After a few hours we stopped for a bathroom and food break in the middle of nowhere. Just looking at the food made me want to join my barfing seat mate, but I had to go to the bathroom. I opened the door and the bathroom,  basically a hole in the ground with a bucket and a scoop (I can deal with that after all those months) was filled with what I believe to be black widow spiders. There were hundreds of them. I never peed so fast in my life and basically got out still pulling up my pants.

The ride was surreal as there is no such thing as street lighting, the only time you see something lit up it’s most likely a prison. Everything else is dark. Some parts of the road were actually quite good, other parts were extremely bumpy.

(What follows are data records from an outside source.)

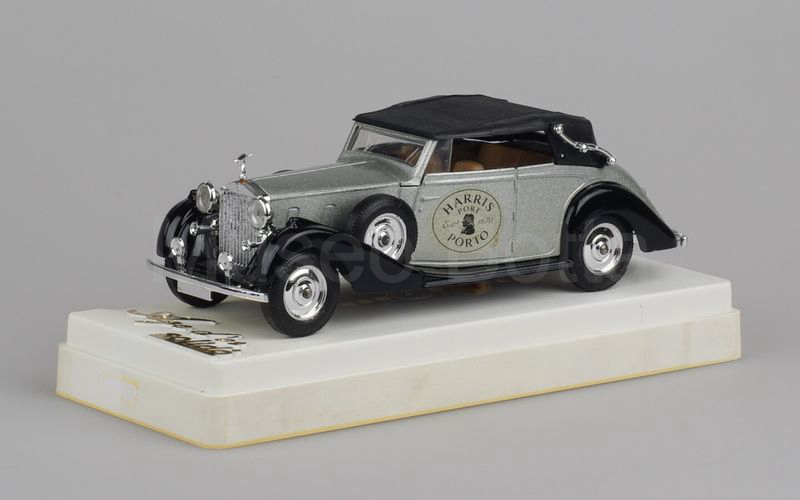 SOLIDO (46-B) Rolls Royce Phantom III cabriolet 1939 "HARRIS PORTO" capote chiusa argento-nero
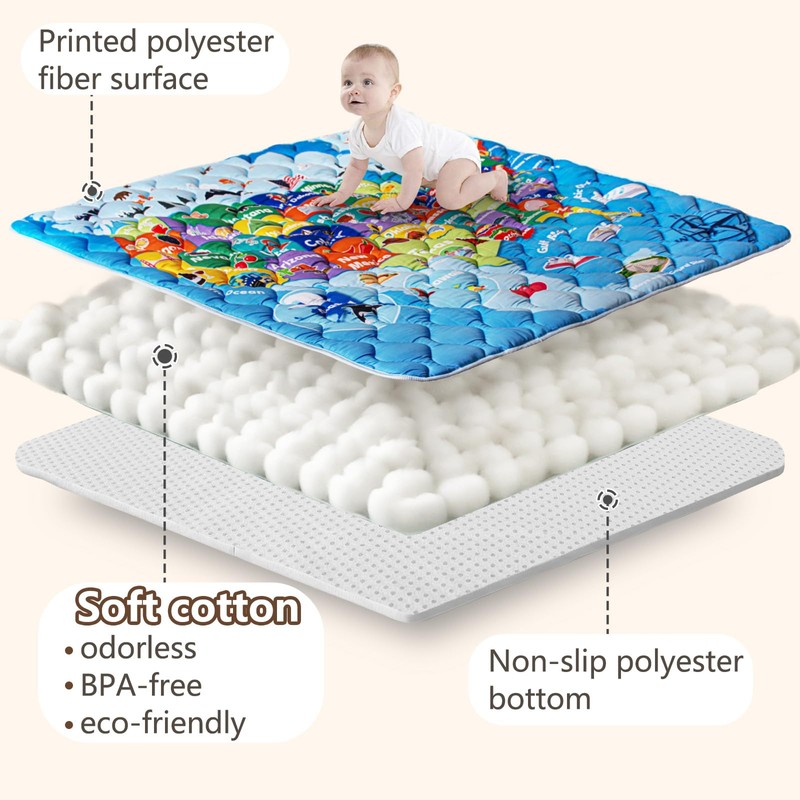 Beavtaens Baby Play Mat, 50x50 Playpen Mat with Super Soft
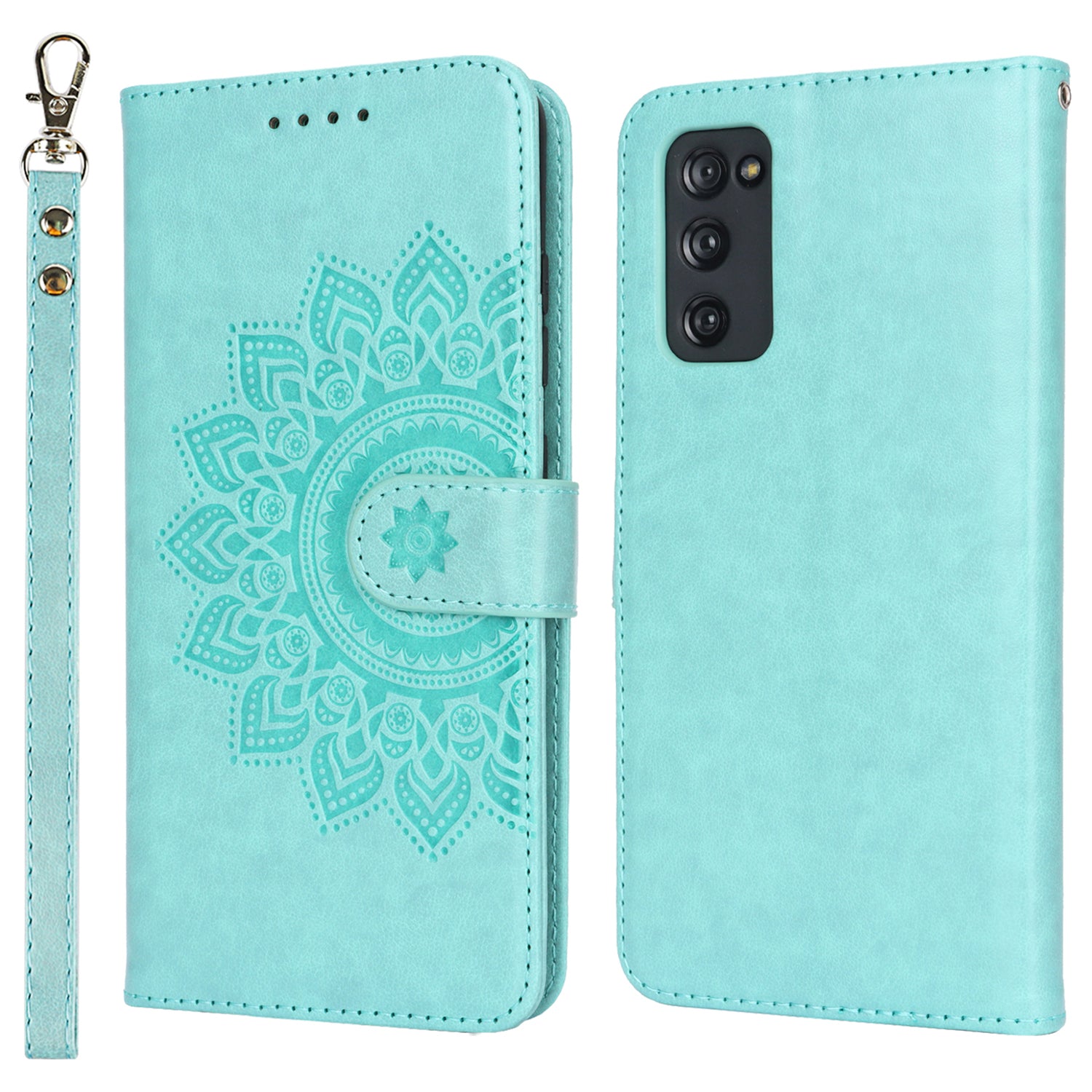 For Samsung Galaxy S20 FE 4G / FE 5G / S20 Lite / S20 FE 2022 Case R61 Texture Wallet PU Leather Phone Cover - Light Green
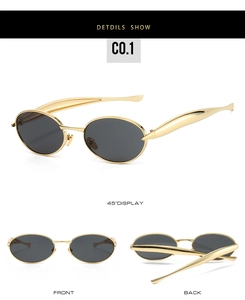 Detailed views of vintage oval sunglasses with gold metal frames and dark lenses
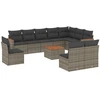 Image de vidaXL Ensemble de salon de jardin 11 pièces avec coussins Gris Poly rotin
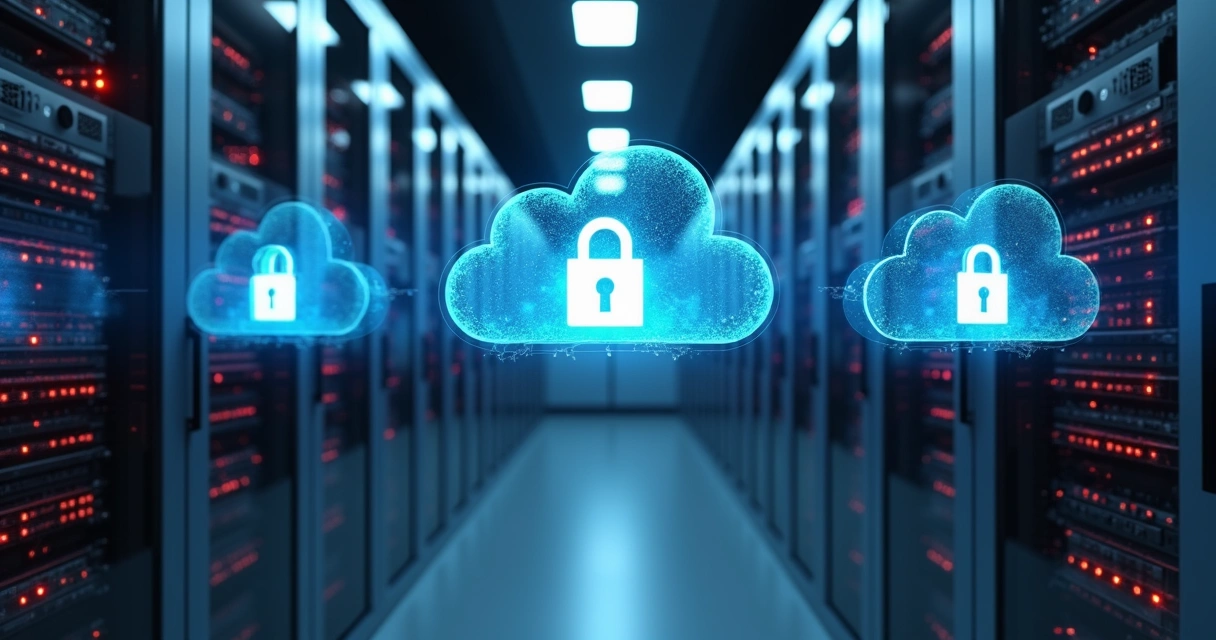 Ambiente moderno de data center com containers protegidos 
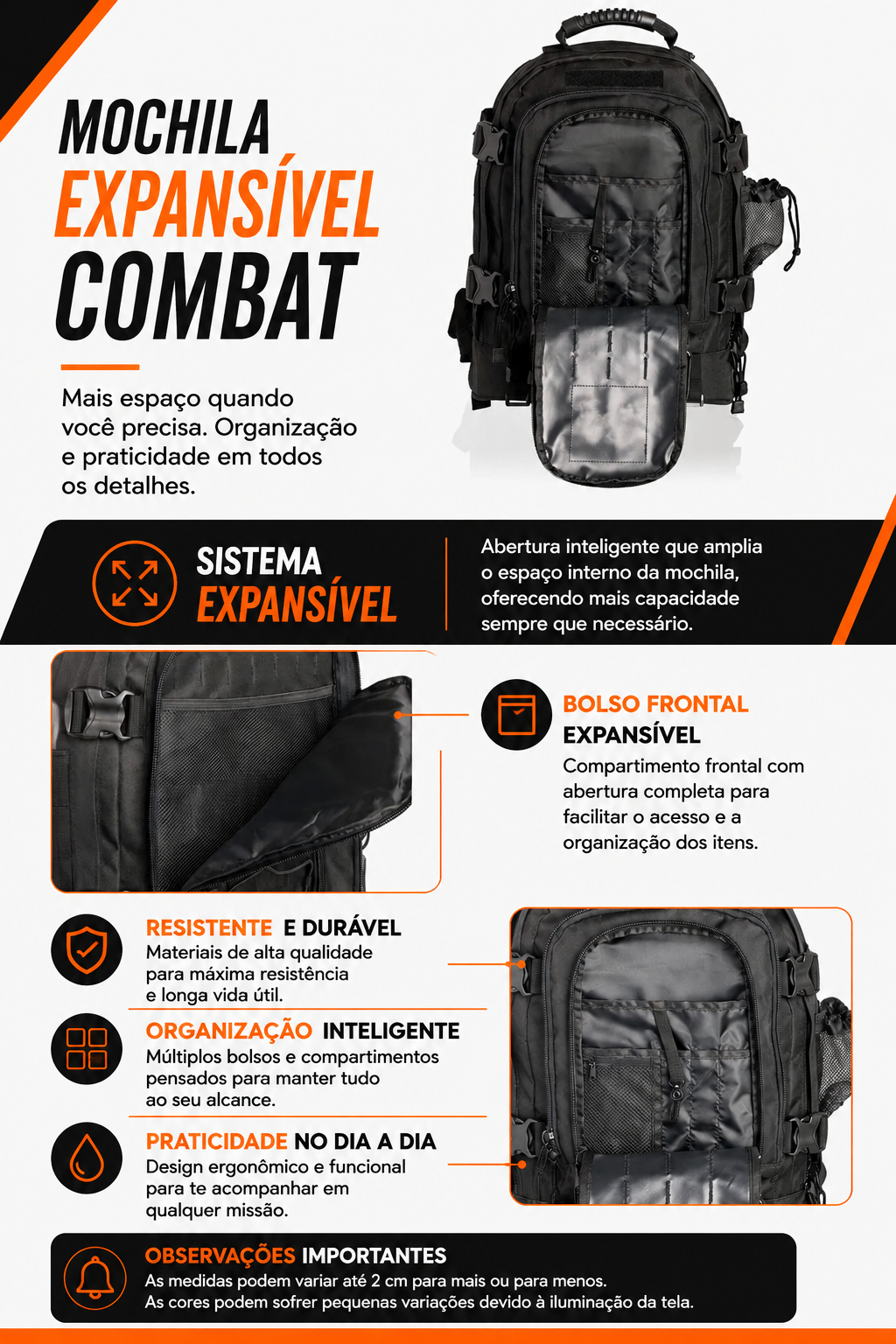 Mochila Expansível 40L > 60L Combat - Preta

We made one more of those stops and we had to get out of the bus for 2 ID checks. I was the only foreigner on the bus and I’m sure I held everybody up because they needed to meticulously browse through my passport and record a bunch of details with pen and paper. Luckily, no ‘tea money’ was required to get the go ahead and finally after 12 hours on that bus, we arrived at a dusty parking lot just outside of Mandalay at 5 AM. It was very dark, because there was no electricity. It was kind of eerie, too. Lots of buses were coming and going and I had no idea where to go as I did not have a hotel booked. I looked at my Lonely Planet guide and a taxi driver approached me. I told him I wanted to be dropped off at a certain guesthouse. He took me to his taxi, which was one of those tiny little blue Mazda pick up trucks you’d expect to see in Cuba. I climbed into the back and off we went. The funny thing is, that guy knew how to speak a little Dutch. It was just bizarre. When we got to the guesthouse it turned out to be full, so he suggested another one, just a block away. Sure, what was I gonna do at 5.30 AM…. He took me to E.T. guesthouse and it looked pretty decent so I got a room there. I took a quick nap and went for a walk around ‘downtown’.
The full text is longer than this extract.